第36話「懸念」
スズネを伴って8階に降りると、職員が慌ただしく動いていた。その中に、見知った顔を見つけた心愛は彼女を呼び止めた。
「香坂さん」
「あら西園寺さん。この間は大変だったみたいね。私のところにも噂がきてるわよ?」
「もうそっちまで噂がいってるんだ。久しぶりに死にかけたよ」
「土御門さん、早く意識が戻るといいわね。そちらの方は?」
職員の大半を把握しているすみれだが、流石にまだ正式に職員になっているわけではないスズネのことは知らない様子だった。
「あー、一応あたしの部下かな?」
「スズネと申します。以後、お見知り置きを」
「香坂すみれです。西園寺さんの部下なら、総務局を利用することも多いだろうから、覚えてもらえると嬉しいな」
そう言ってすみれは握手を求めた。スズネがその手を握ったのを見て、心愛はこう言った。
「ところで、香坂さんはなんで8階にいるの?」
「カオナシと戦える職員の選定に呼ばれたのよ」
「なるほどね。先に言っておくけど、あたしはたぶんカオナシと戦えないから」
「あらどうして?」
「カオナシと契約を結んじゃってね。邪魔ができないんだ」
心愛がそう答えると、すみれは眉根を寄せて困ったという表情を見せた。
「ごめん。けど、偵察くらいはできるはずだから、そっちに回して」
「わかったわ。むしろ、先に教えてくれてありがとう。配置が決まる前で助かったわ」
そこで、すみれは腕時計を確認した。
「申し訳ないけど、私やることがあるから行くわね」
「こっちこそ、忙しいところ呼び止めちゃってごめん。また後で」
「ええ、また後で」
慌ただしく去っていったすみれを見送ったスズネは、隣に立つ心愛にこう言った。
「あなたの部下になった覚えはないのですが?」
「形式上はそうなる。なんか文句あるの?」
「文句しかないです。あなたのような脳筋の部下では、命がいくつあっても足りませんわ」
「あ、そういうこと言う? あたしが推薦してやんないと、あんたなんて陰陽師になれないんだよ?」
「誰のおかげでカオナシの儀式がわかったと思ってるんです?」
旗色が悪いのは心愛の側だった。
確かにスズネの助力なくして今の状況はない。心愛一人だったなら、儀式を突き止めることはできていなかっただろう。

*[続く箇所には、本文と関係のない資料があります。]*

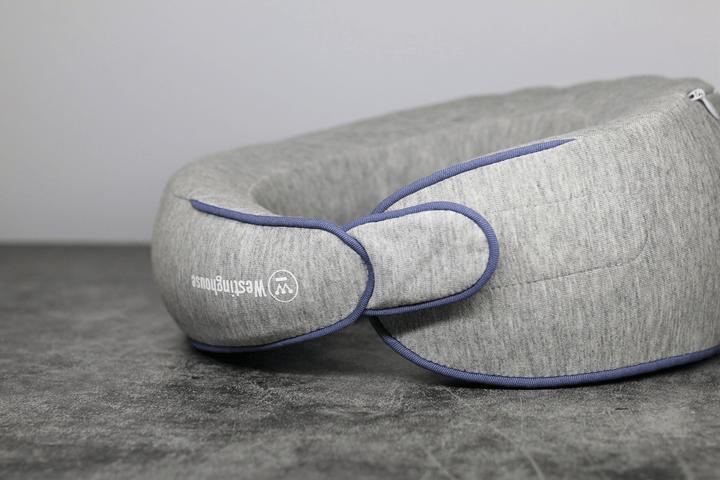 美国u型颈椎枕,u型按摩颈椎枕测评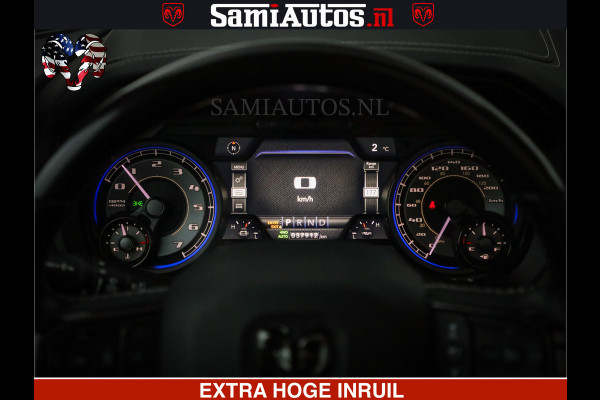 Dodge Ram 1500 LIMITED SPORT | 5.7 V8 HEMI 402PK | MEEST VOLLE LIMITED | PRACHTIGE KLEUR GRANITE CRYSTAL PEARL | CREW CAB | DUBBELE CABINE DC 5 PERSOONS | CREW CAB 5 PERSOONS | DUBBELE CABINE DC | MEEST ROYALE EN COMFORTABELE BEDRIJFSAUTO | HEAD-UP | LUCHTVERING | RONDOM CAMERA | MWK KLEP | PANORAMA DAK |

「クッソー。土御門くんが目を覚ましたら告げ口してやる」
「あら、脳筋かと思ったら陰湿でもあったのですね。流石、厭らしい女は違いますわ~」
「お前なんか大嫌いだ」
「わたくしも大嫌いですわ」
「「ふんっ!」」
二人揃ってそっぽを向いたところで、大会議室の入口に、「カオナシ対策本部」という看板が設置された。
「……今はあたし達が争ってる場合じゃない。行くよ」
「仕方ありませんね。『今だけは』従ってあげましょう」
大会議室に入ると、異界課の職員の大半が集まっているのがわかった。居ないのは、病気や怪我で療養中の者だけだ。
通常業務が滞ってでも、なんとしてもカオナシを仕留めるという強い気概が伝わってくる。それだけ、陰陽師にとってカオナシという人物は不倶戴天の相手ということだ。
「ピリついていますね」
スズネの言葉通り、室内には張り詰めた空気が膨張寸前まで満たされている。誰かが物音の一つでも立てたら、すぐにでも戦闘が始まりそうなほどだった。
「ウチらにしてみれば、カオナシは宿敵みたいなものだからね。こうもなるさ」
「あまり好ましい雰囲気ではありませんわ……」
「あたしだって好きじゃない。けど、仕方ないよ」
空いている席に腰を下ろした二人は、暫く黙って会議が始まるのを待った。
10分も経つと人の出入りも落ち着き、やがて職員の一人がホワイトボードに現在までに判明している情報を写真付きで書き出していった。
それが終わると、今度は壇上にピンマイクを付けた栃木が立ち、こう言い放った。
「諸君、総力戦だ」
その言葉に、にわかにざわつく会議室。栃木はそれに構わずこう続ける。
「今まで影も形も掴むことができなかったカオナシの目的が、ついに判明した。奴は泰山府君祭を行い、安倍晴明の復活を目論んでいることがわかった」
泰山府君祭という言葉に、再びざわつく会議室。
「未だカオナシの居場所は判明していないが、判明次第、我々が持てる戦力の全てをぶつけ、これに勝利する。差し当たって、奴の居場所を捜索する必要がある。香坂くん」
栃木は、ホワイトボードの横に設置された小さな演壇に立つすみれに視線を送った。
「はい。皆様、お手元の資料をご覧ください。急ごしらえではありますが、カオナシの居場所を突き止めるまで、資料に書かれているチーム編成での捜索をお願いします」
机に置かれていた資料を確認すると、そこにはどのチームがどこの駅を捜索するかが書かれていた。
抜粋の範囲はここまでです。